Jean Cocteau

  • Orphée [Orpheus] (1950)

    Orphée [Orpheus] (1950)

    (On Cable TV, September 2020) Avant-garde cinema and I aren’t good friends, so it would be trivially easy for me to dismiss Orphée as nothing more than a pretentious experiment. But I like the result more than I expected: In taking Greek mythology and setting it in then-contemporary 1950 France, Jean Cocteau already has something interesting as a foundation. Trying to present a fantasy story with the special effects limits of the time is a further challenge—and given Cocteau’s oft-demonstrated stylistic flair for the poetic, he wouldn’t settle for cheap and ridiculous if cheap and effective was available. So it is that relatively simple optical tricks are used to good effect to portray ghosts and people walking through mirrors, or strolling through a devastated post-mortem landscape with the protagonist standing out as being more real than the dead. (One of the few times that rear-projection degradation is used to stylistic effect.) Other shots include reversed images and other eeriness that do create an effective atmosphere. And that’s not even getting into the updates to the Orpheus myth, with things as mundane as a radio or a rear-view mirror taking on symbolic meaning. While Jean Marais is intermittently annoying as Orpheus (the silted dialogue doesn’t help, nor the odd tonal shifts), María Casares is fascinating as a representative of death—her character seems surprisingly modern in the middle of so much formalism. Now, there are clear limits to my appreciation of the result—my rational mind can’t really rest well in the middle of so much artistic haze, and you can find Cocteau’s commentary about Orphée in my dictionary as the definition of insufferable. But there’s a bit more to Orphée than many French films of the period, and I would argue that the film is now more effective than it ever was, because we are now looking at a millennia-old myth filtered through a poetic take based on reality now seventy years distant. There’s an additional dimension there that was absent for contemporary audiences, and that does help Orphée become an even more fascinating film.

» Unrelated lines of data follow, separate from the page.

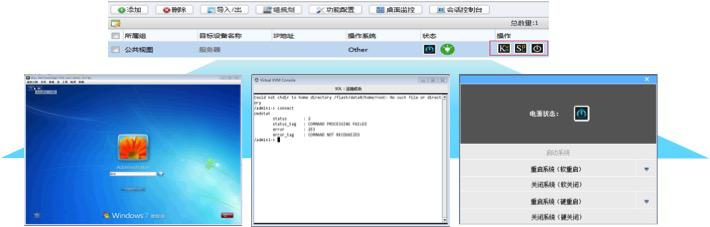 ipmi 集中管理软件
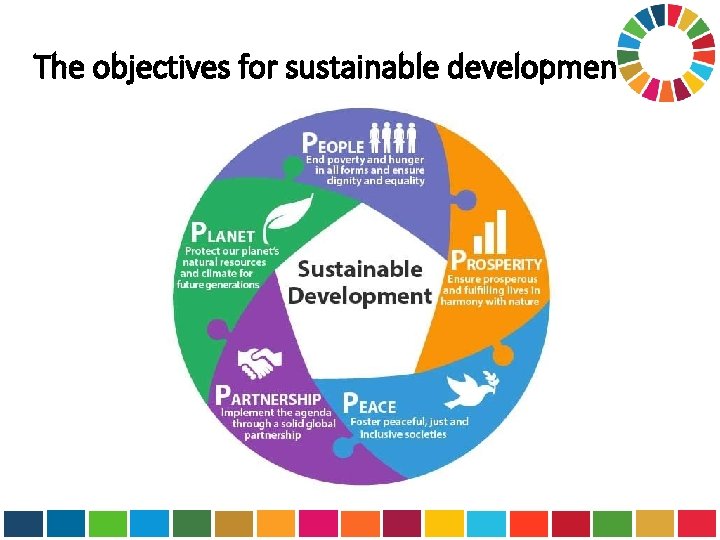 The objectives for sustainable development 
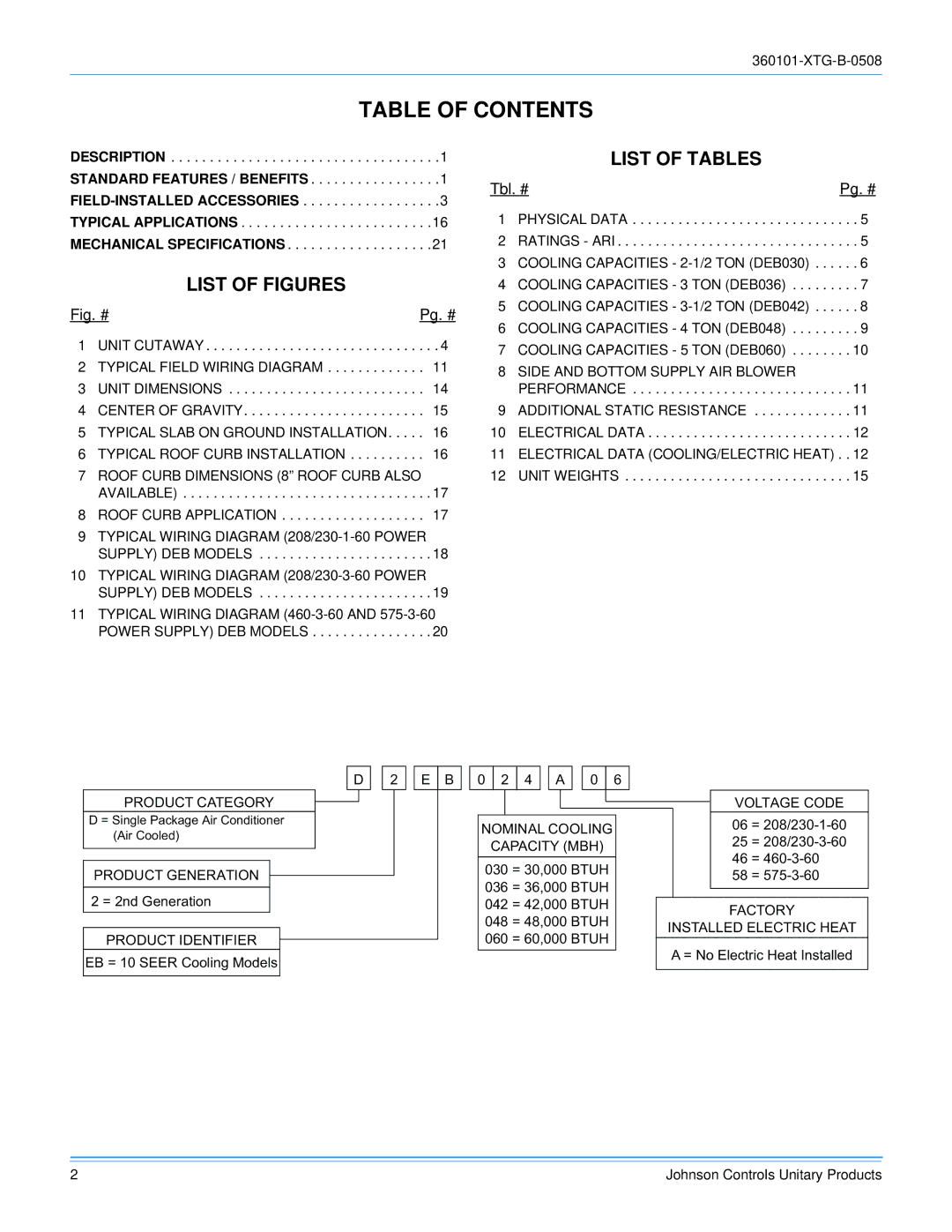 York D2EB030 manual Table of Contents 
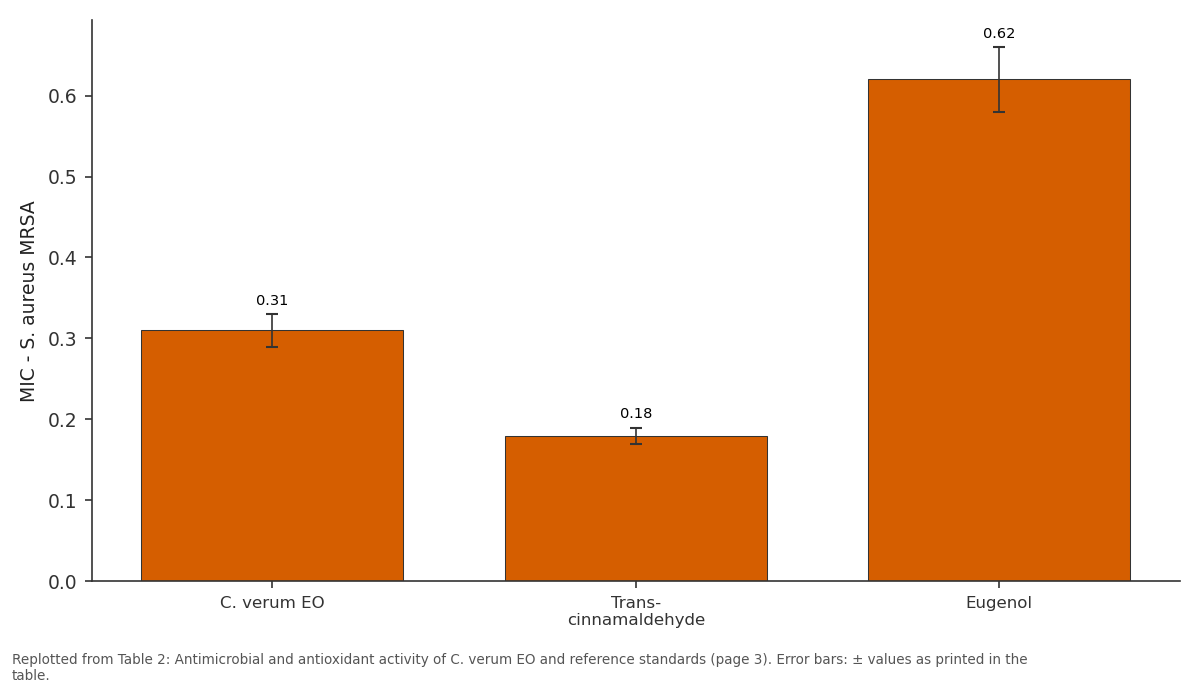Replotted from Table 2 (page 3) of the original paper. Every bar is the paper's own table value.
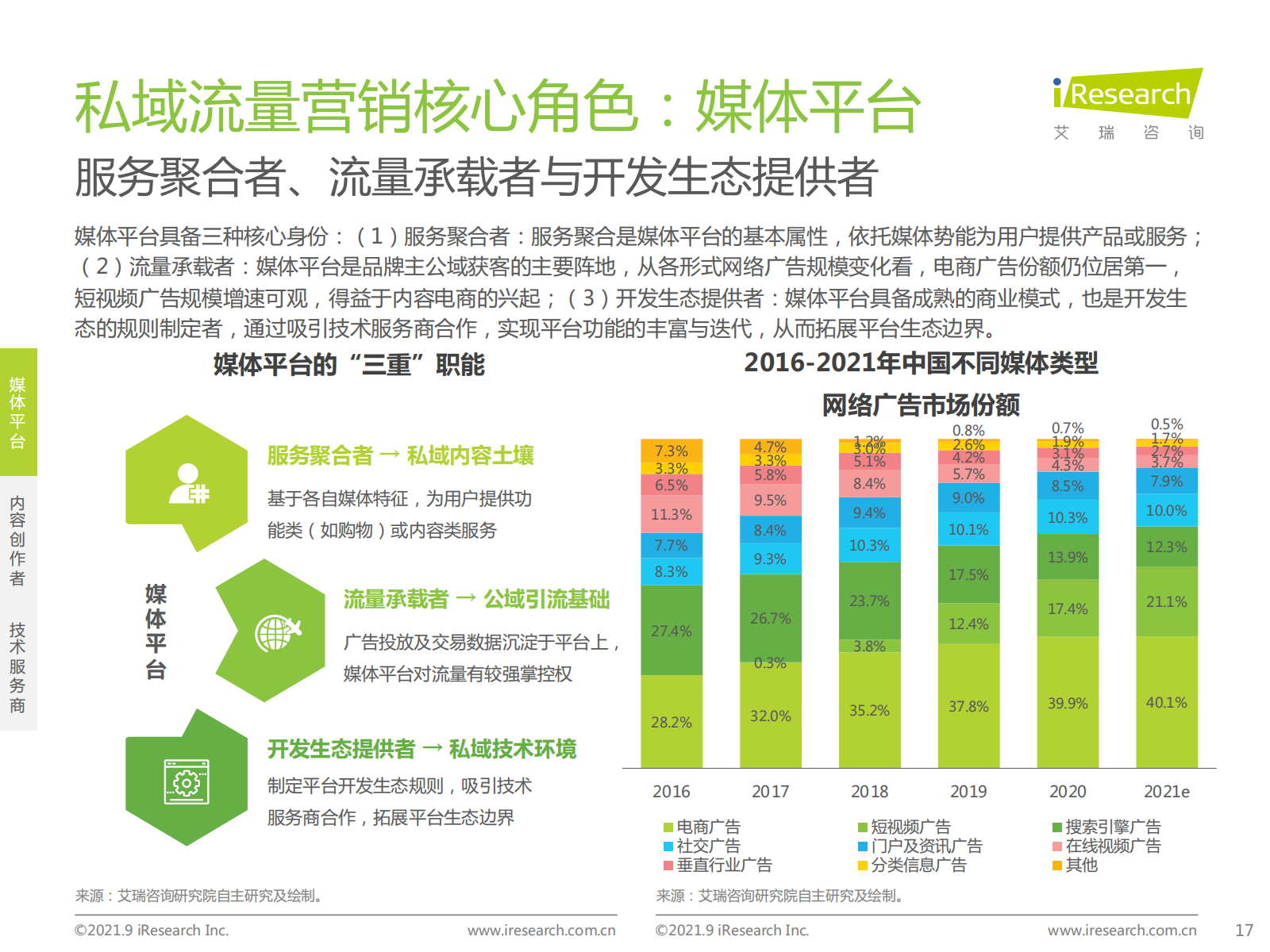 2021年中国私域流量营销洞察研究报告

  • Le sang d’un poète [The Blood of a Poet] (1930)

    Le sang d’un poète [The Blood of a Poet] (1930)

    (archive.org streaming, June 2020) One of my big conceptual breakthroughs of my mid-twenties was realizing that adjectives such as “post-modern” and “avant-garde” were not necessarily tied to the present and could, in fact, designate historical works. A film such as Jean Cocteau’s Le sang d’un poète, for instance, is ninety years old and yet still as avant-garde today as it was back then. Trying to describe the plot is an exercise in futility, as it’s a surrealist collage of dreamlike imagery somewhat reminiscent of Bunuel (surrealism being big at the time). It’s not uninteresting, but it is far slower-paced than it could have been. Then again, I’m definitely more modern than postmodern in my film appreciation – and have been for decades. Something is worth noting for twenty-first century viewers: Le sang d’un poète uses some very effective special effects, as primitive as they may be.

  • La belle et la bête [Beauty and the Beast] (1946)

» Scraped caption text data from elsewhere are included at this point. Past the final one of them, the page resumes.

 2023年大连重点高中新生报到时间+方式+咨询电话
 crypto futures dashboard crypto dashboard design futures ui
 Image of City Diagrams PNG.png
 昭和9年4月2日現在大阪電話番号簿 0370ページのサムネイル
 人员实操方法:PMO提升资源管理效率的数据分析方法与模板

    La belle et la bête [Beauty and the Beast] (1946)

    (On Cable TV, November 2019) If you approach writer-director Jean Cocteau’s La belle et la bête expecting a rougher version of the Disney film … wow, you’re going to have an interesting time. Here he adapts the poetic realism trend of 1930s French cinema to the classic fairytale and the result feels as if it was captured from dreams—hazy, lyrical, nonsensical and yet with a logic of its own. The basic problems of the beauty and the beast fairytale are still very much present—the Stockholm syndrome, the ending that mocks the “ugliness is superficial” message—but executed in such a way that it’s easy to let the style triumph over substance. Which isn’t to say that La belle et la bête skirts its fantastic roots—the makeup of the beast remains deeply impressive, and the film doesn’t dance around the literalization of the metaphor. It’s often surprising, sometimes ethereal, and more compelling than you’d expect. Still, Cocteau overplays his hand and the film is easily a bit too long even at 96 minutes—there’s only so much setup you can tolerate before demanding some progress, after all. Still, this is one of the strongest 1940s French films (and it wasn’t a slough of a decade for French cinema)—still mesmerizing in its stated intention to deliver a true fairytale on the screen.